Publish/subscribe logging options
Zato publish/subscribe message queues and topics offer several ways to gain insight into the inner workings of all the components taking part in message delivery and this article presents an overview of the mechanisms available.
Two types of logging
Logging is broken out into two categories:
- Files or other destinations - there are several files where messages and events may be stored
- GUI in web-admin - dedicated parts of web-admin let one check runtime configuration and observe events taking place in internal components
Files or other destinations
By default, several files are employed to keep information about pub/sub messages, each file stores data with its own characteristics. As with other logging files, the details such as logging level are kept in the logging.conf file for each server in a cluster.
Note that logging to files is just what pub/sub uses in default settings - everything in logging.conf is based on Python’s standard logging facilities so it is possible to reconfigure it in any way desired to send logging entries to other destinations instead of, or in addition to, what the configuration says by default. Likewise, it is possible to disable them altogether if they are not needed.
zato_pubsub is the main file with internal events pertaining to handling of pub/sub messages. Any time a message is published or received by one of endpoints, a new log entry will be added here.
Moreover, the file contains plenty of extra information - whether there are any matching subscribers for a message, what their subscription keys are, if they are currently connected, what happened to message if there were none, if the message could not be delivered, what the reason was, how many attempts have been so far, all the relevant timestamps, headers and other metadata.
In short, it is the full life-cycle of publications and subscriptions for each message processed.
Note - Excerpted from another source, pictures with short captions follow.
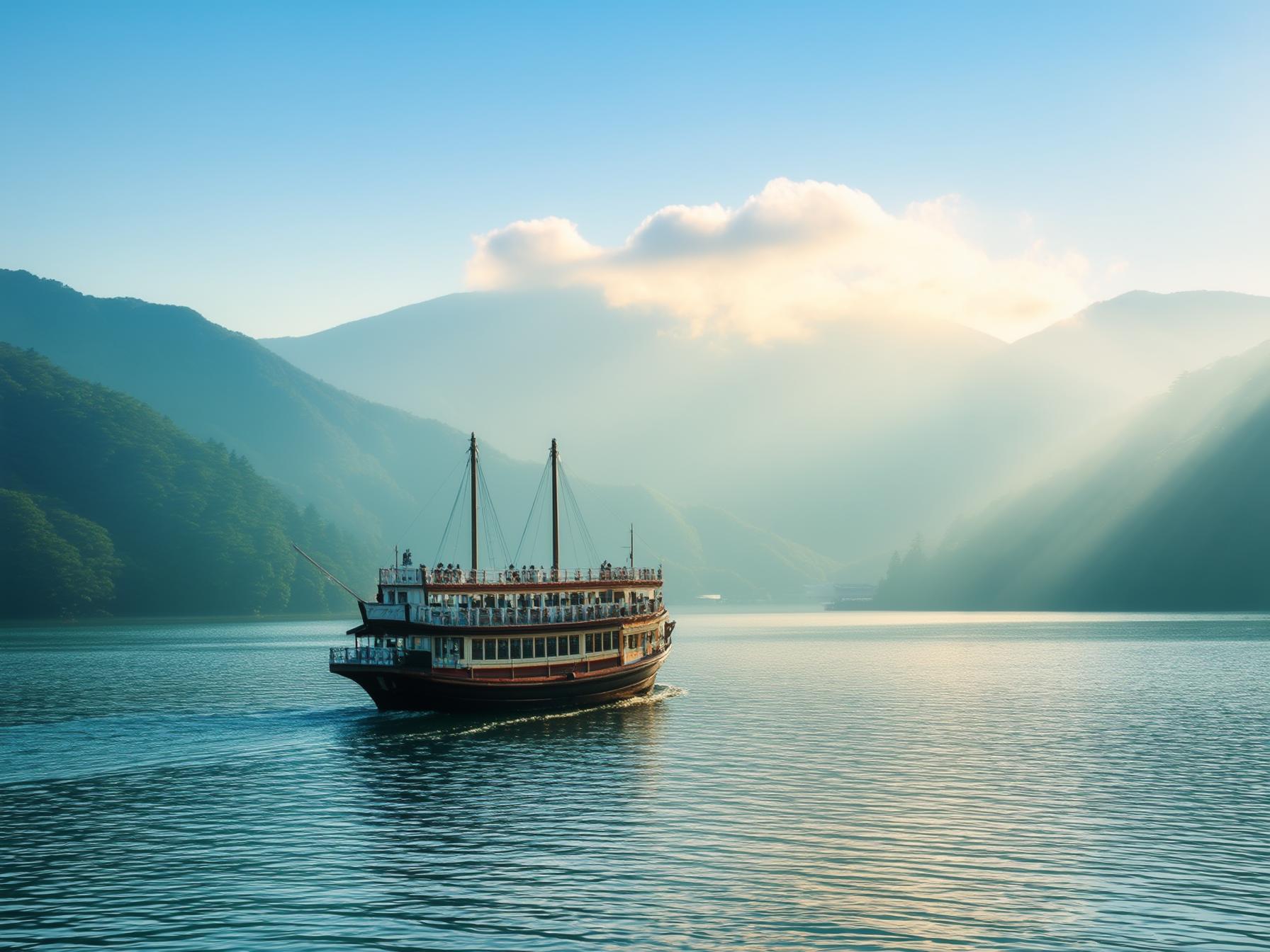 3 Days in Hakone - Hakone - booked ai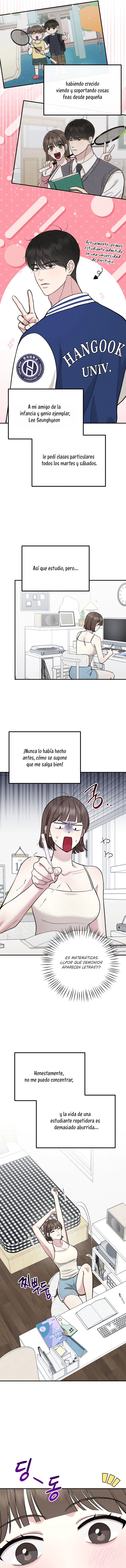 Clases particulares - Capítulo 1 - Página 6 - LectorTMOo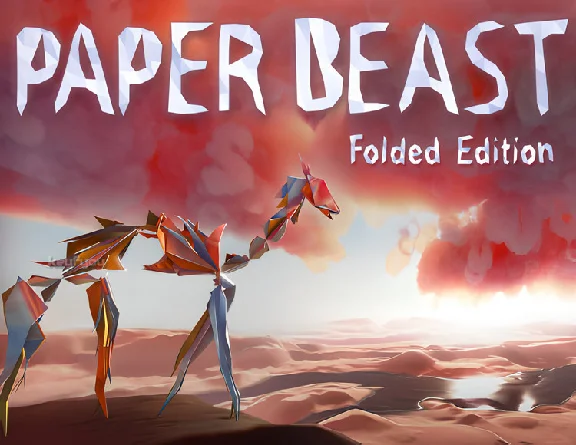 Paper Beast - Folded Edition / STEAM KEY 🔥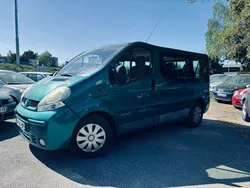 Renault Trafic II Passenger 7 Places 1.9l Dci 100 Du 05/05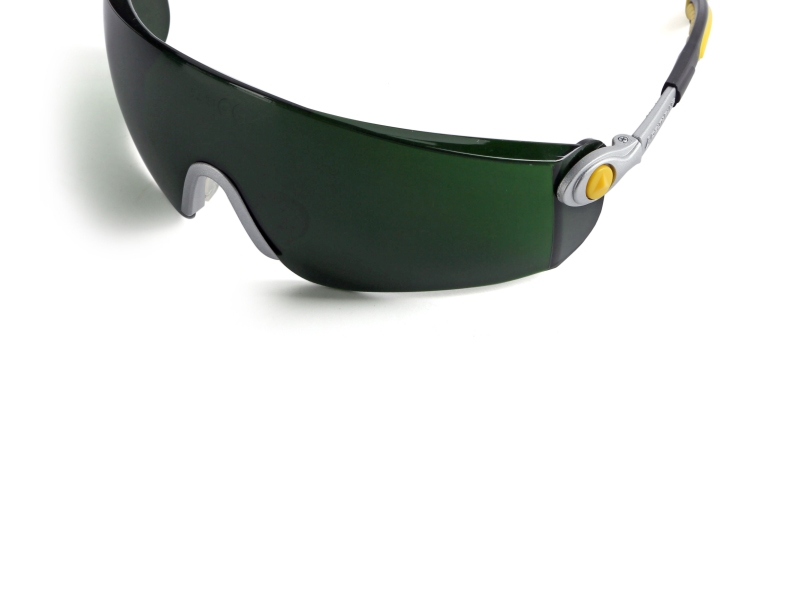 DELTAPLUS/代尔塔101012 LIPARI2 T5(LIPA2T5)舒适型焊接用安全眼镜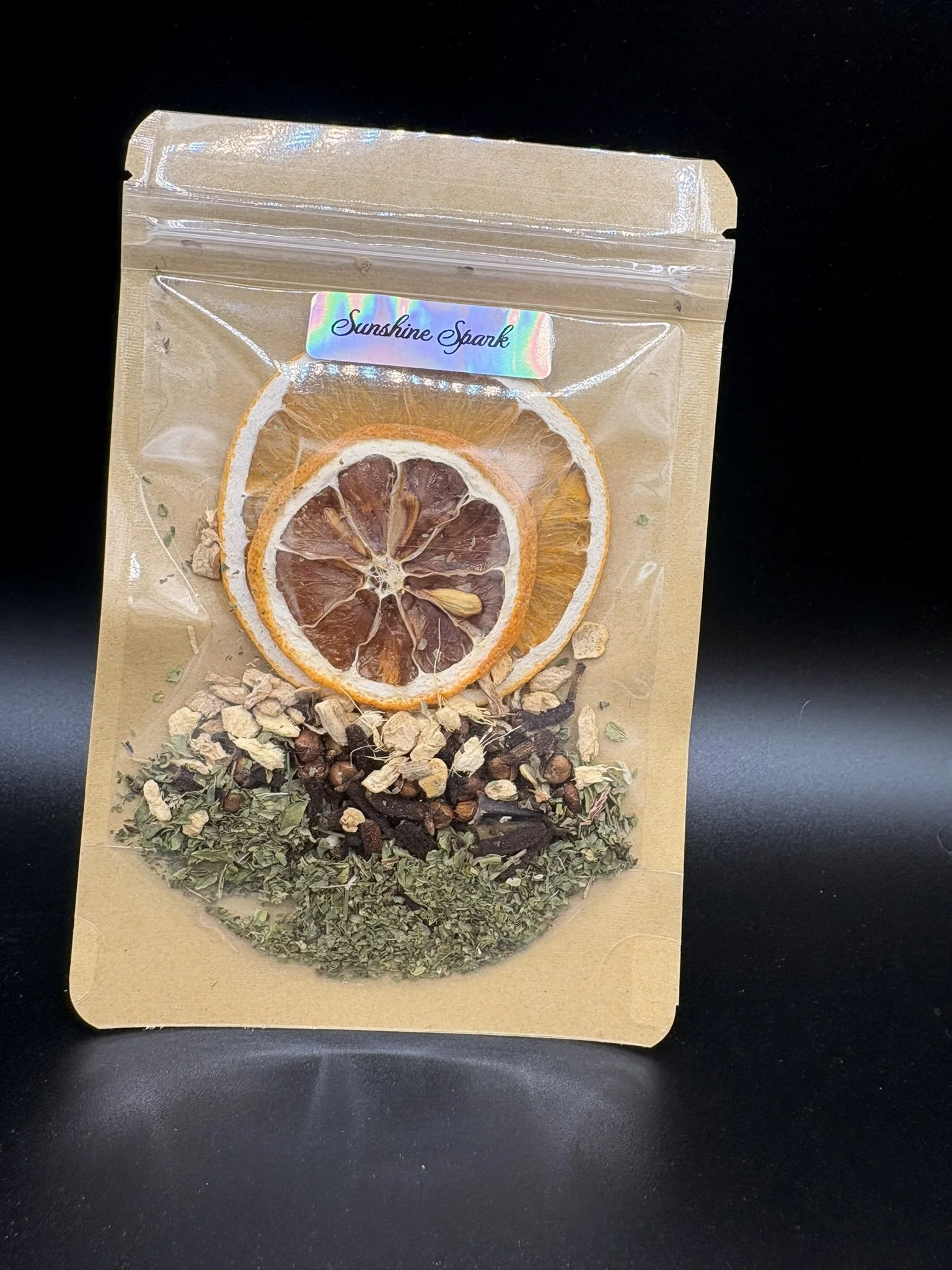 Sunshine Spark Simmer Pot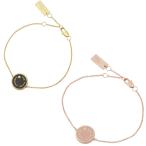 Yahoo! Yahoo!ショッピング(ヤフー ショッピング)マークジェイコブス ブレスレット MARC JACOBS M0017167 ザ メダリオン リバーシブル レディース アクセサリー THE MEDALLION BRACELET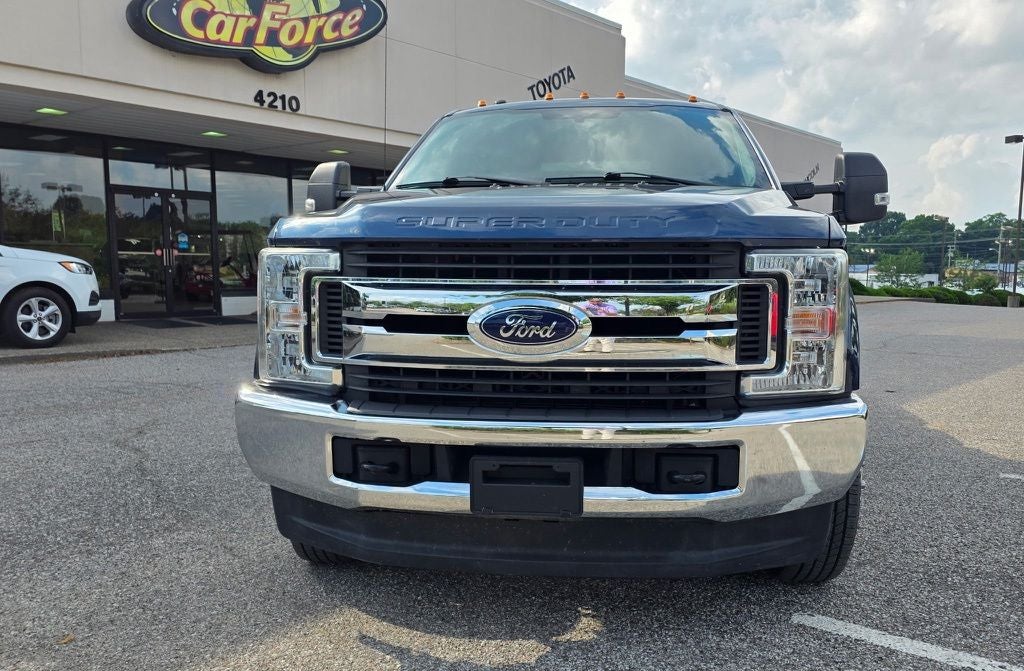 2017 Ford F-350SD XLT DRW
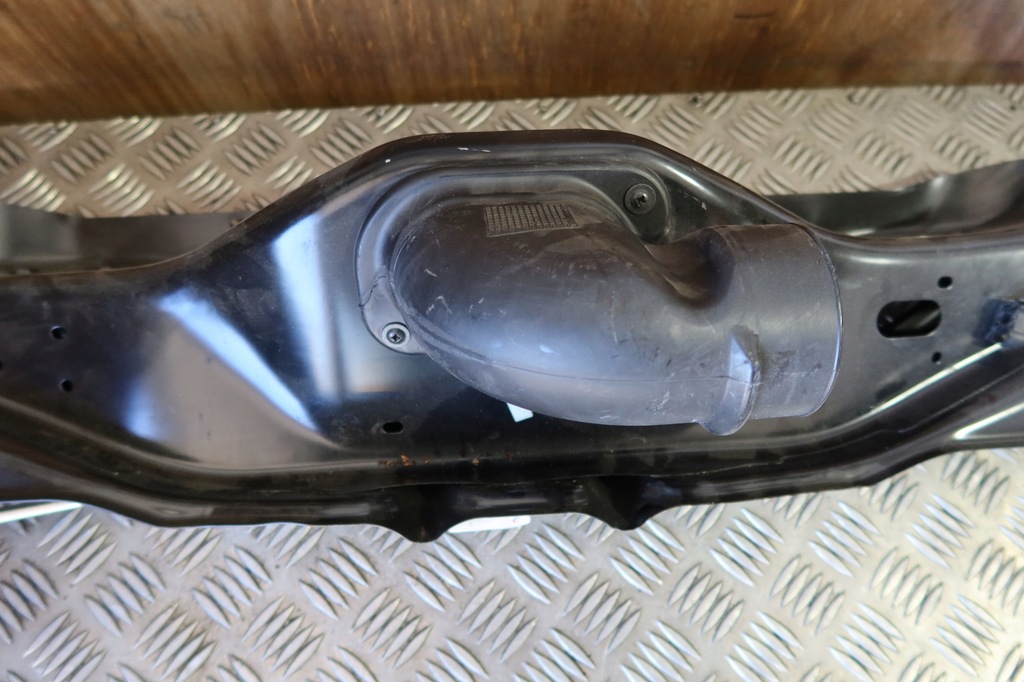 фото №15, Усилитель верхний поперечина перед jumper ducato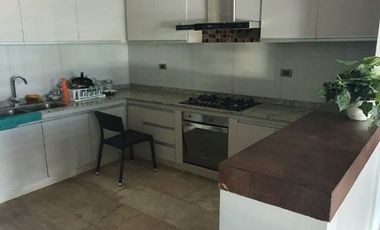 Hermoso departamento amueblado en renta!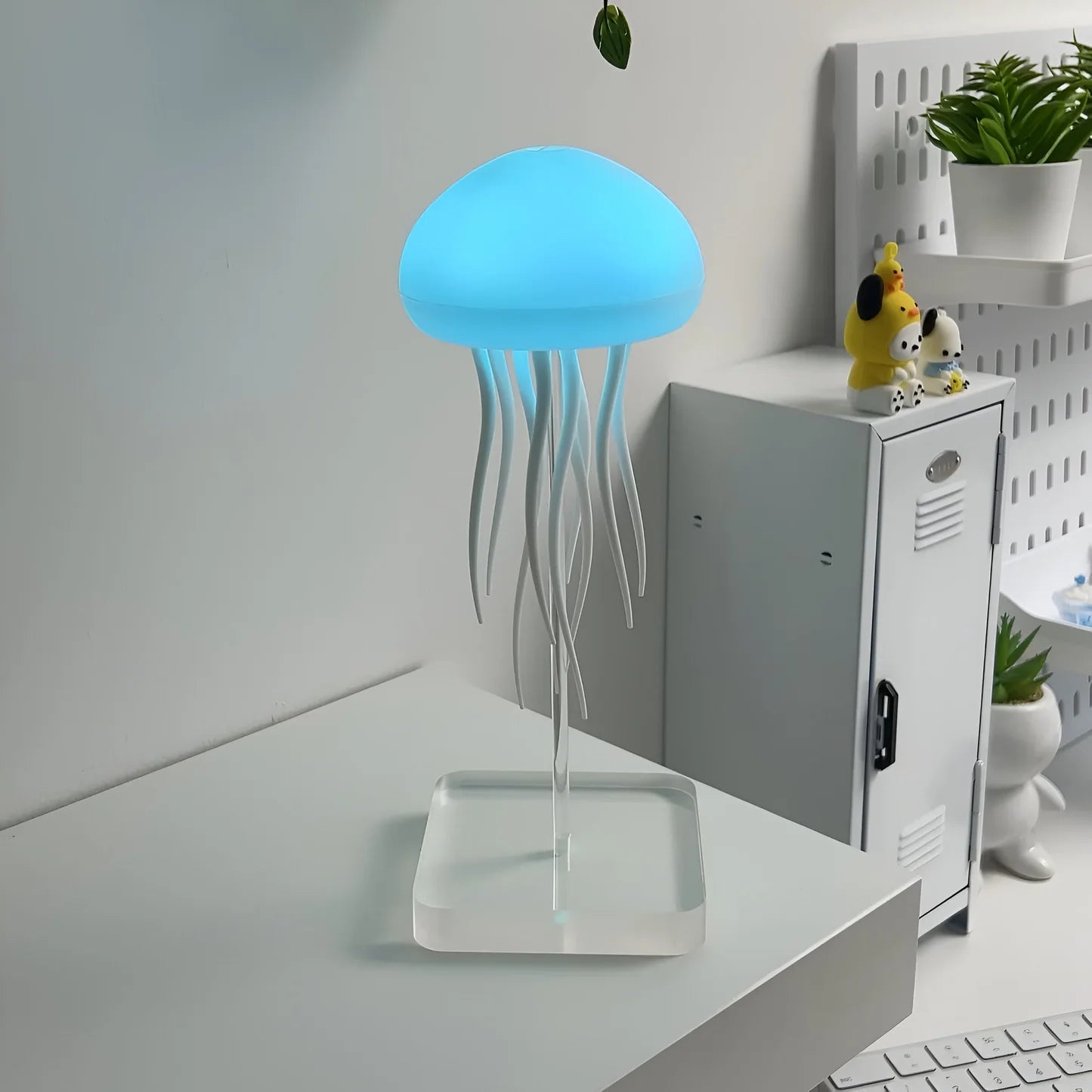 Floating Jellyfish Lamp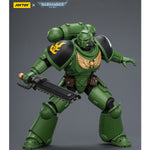 JOYTOY 1/18 インターセッサー（ボルトライフル、ボルトピストル、チェーンソード装備）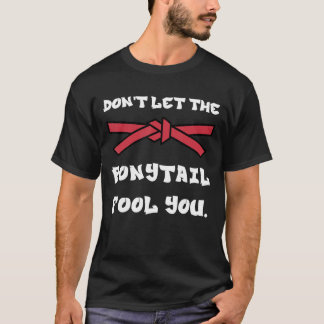 Funny Jiu Jitsu Mamma T Shirt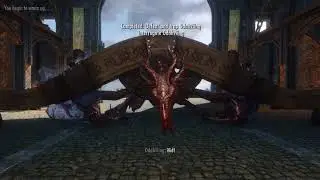 Skyrim 22 - Trapping Odahviing
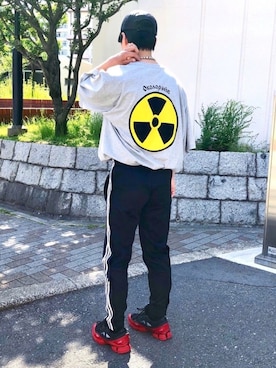 たかさんのコーディネート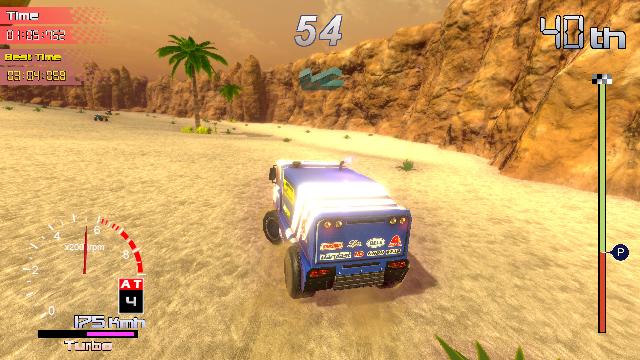 WildTrax Racing screenshot 58855
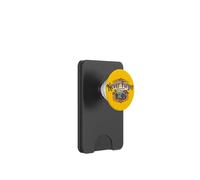 Never Forget Boombox - Retro Mixtape Music Lover Tee PopSockets PopWallet for MagSafe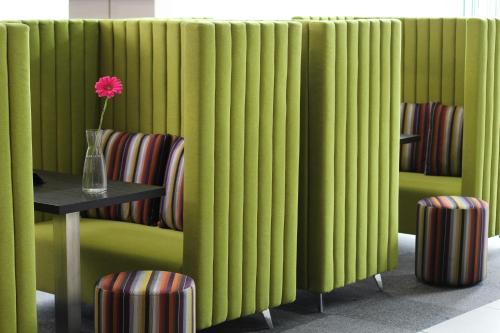 Фойє, Quality Hotel Ostrava City in Острава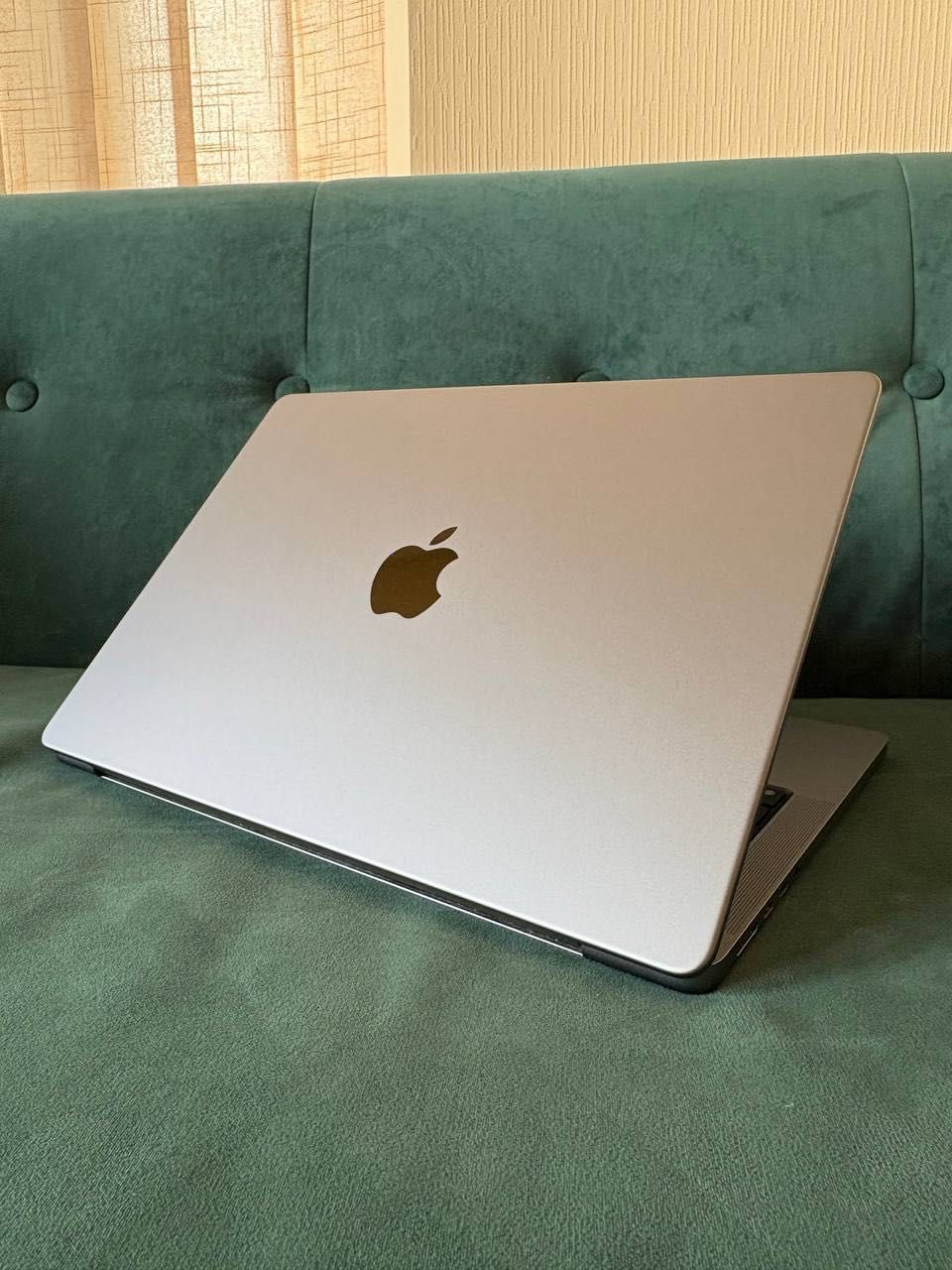 MacBook Pro 14” Space Gray 2021 (MKGQ3) m1, 16GB, 1TB ssd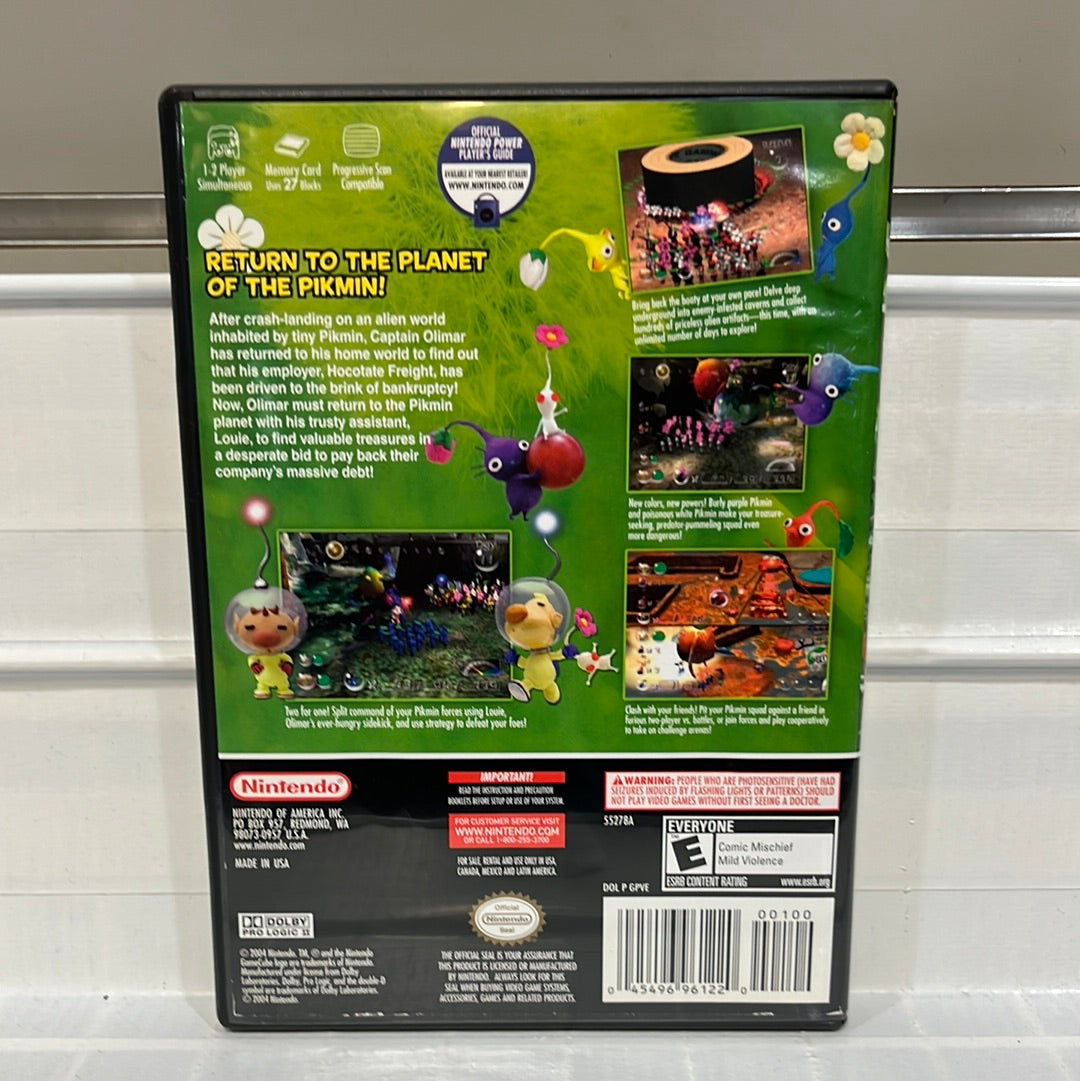Pikmin 2 - Gamecube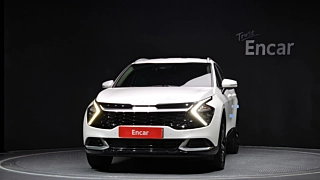 KIA SPORTAGE HYBRID 2022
This is the place that all the details of what is going on under the hood can be found in.
Unlike the file above, the whole purpose of zato_pubsub_audit is to save data and metadata of all the messages received and published to topics - only that.
There is no additional information on what happened to each message, when and where it was delivered - it is purely an audit log of all the messages that Zato published.
It is at times convenient to use it precisely because it has basic information only, without any details.
Prevention of data loss
The whole purpose of zato_pubsub_overflow is to retain messages that would be otherwise dropped if topics reached their maximum depth yet subscribers were slow to consume them.
Consider the topic below - it has a maximum depth of 10,000 in-RAM messages. If there is a steady inflow of messages to this topic but subscribers do not consume them in a continuous manner, which means that the messages will not be placed in their queues in a timely fasion, this limit, the maximum depth, will be eventually reached.
The question then is, what should be done with such topics overflowing with messages? By default, Zato will save them to disk just in case they should be kept around for manual inspection or resubmission.
If this is not needed, zato_pubsub_overflow can be configured to log on level WARN or ERROR. This will disable logging to disk and any such superfluous messages will be ignored.
There are several web-admin screens that let one understand what kind of internal events and structures participate in publish/subscribe:
- Delivery tasks - their job is to deliver messages from subscriber queues to endpoints
- Sync tasks - they are responsible for internal synchronization of state, data and metadata between topics and queues
Of particular interest is the event log - it shows step-by-step what happens to each message published in terms of decision making and code branches.
Note that the log has a maximum size of 1,000 events, with new events replacing any older ones, thus in a busy server it will suffice for a few seconds at most and it is primarily of importance in environments with low traffic to topics, such as development and test ones.
Note that runtime pub/sub information in web-admin is always presented for each server process separately - for instance, if a server is restarted, its process ID (PID) will likely change and all the data structures will be repopulated. The same holds for the event log which is not preserved across server restarts.
Publish/subscribe messages and their corresponding internal mechanisms are covered by a comprehensive logging infrastructure that lets one understand both the overall picture as well as low-level details of the functionality.
From an audit log, through events to tracing of individual server process, each and every angle is addressed in order to make sure that topics and queues work in a smooth and reliable way.